LIME stands for Local Interpretable Model-agnostic Explanations. It tries to explain individual predictions of a black box model by training a local surrogate model that is easier to understand (e.g. a linear model). The intuition behind this approach is that a globally nonlinear model might actually be linear within a small local region of the feature space. In order to learn this kind of local surrogate model, LIME creates a dataset of perturbed rows for a single row of interest, predicts it with the black box model and then learns a local surrogate, which approximates the predictions of the black box model. For more details on the algorithm please see the paper "Why Should I Trust You?" Explaining the Predictions of Any Classifier by Ribeiro et al.
Usage
The top input of this node contains the rows of interest for which the predictions of your model should be explained.

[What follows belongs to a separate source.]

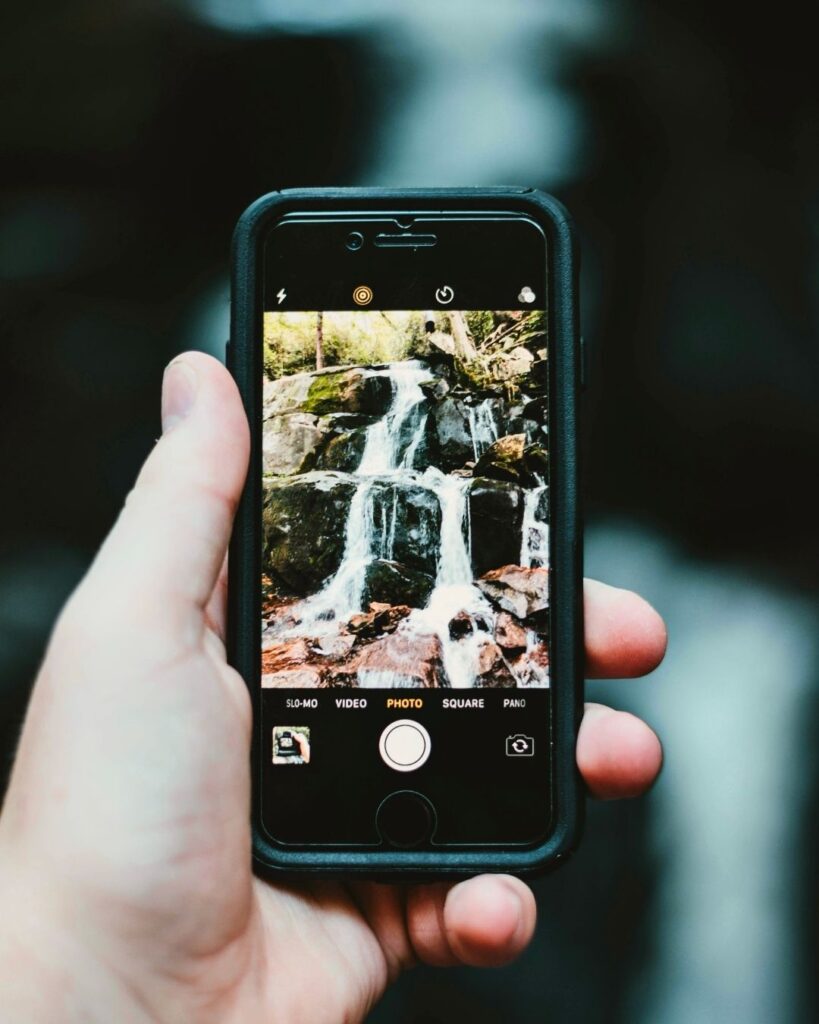 A hand holding a mobile phone taing a picture of a stream tumbling over rocks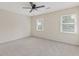 Bright bedroom features neutral walls, plush carpeting, a ceiling fan, and natural light from two windows at 565 Deer Sw Run, Lilburn, GA 30047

Each row in the top table corresponds to one loop iteration, so its size will directly affect the runtime of the loop. The bottom input table is used for sampling, which, in this case, means that column statistics are calculated for all of the feature columns. These statistics are later used to sample new values for the feature columns.
In each iteration of the loop one row of interest is explained. This node produces two tables used for these explanations. The top table contains rows, which are created by sampling according to the statistics of the feature columns in the sampling table. Note that numeric columns (including bit and byte vectors) are assumed to be distributed normally. This table has to be predicted with the Predictor node appropriate to your model at hand. The bottom table is intended for training a local surrogate model (e.g. a linear model). It differs from the top table as follows:
- Nominal feature columns are replaced by Double columns where a 1.0 indicates that the sampled value matches that of the row of interest.
- Bit and byte vector columns are split up into multiple columns, one for each element.
- A weight column is appended, which indicates how similar the sampled row is to the row of interest. A higher value indicates greater similarity.
- Predict the top table with the black box model (predictions must be numerical i.e. in case of a classification model the class probabilities).
- Append the prediction column(s) to the bottom table.
- Train a local surrogate model that uses the features from the bottom table, weights each row according to the weight column, and approximates the predictions of the black box model. The currently recommended Learner for this task is the H2O Generalized Linear Model Learner (Regression).
- Extract and collect the local explanations from the local surrogate model (e.g. the linear coefficients) in one of our Loop End nodes.
Note on vector columns
Since the number of elements in a vector column is not known during configuration, the spec for the second table can't be generated if vectors are among the feature columns. In this case downstream nodes can only be configured once this node has been executed.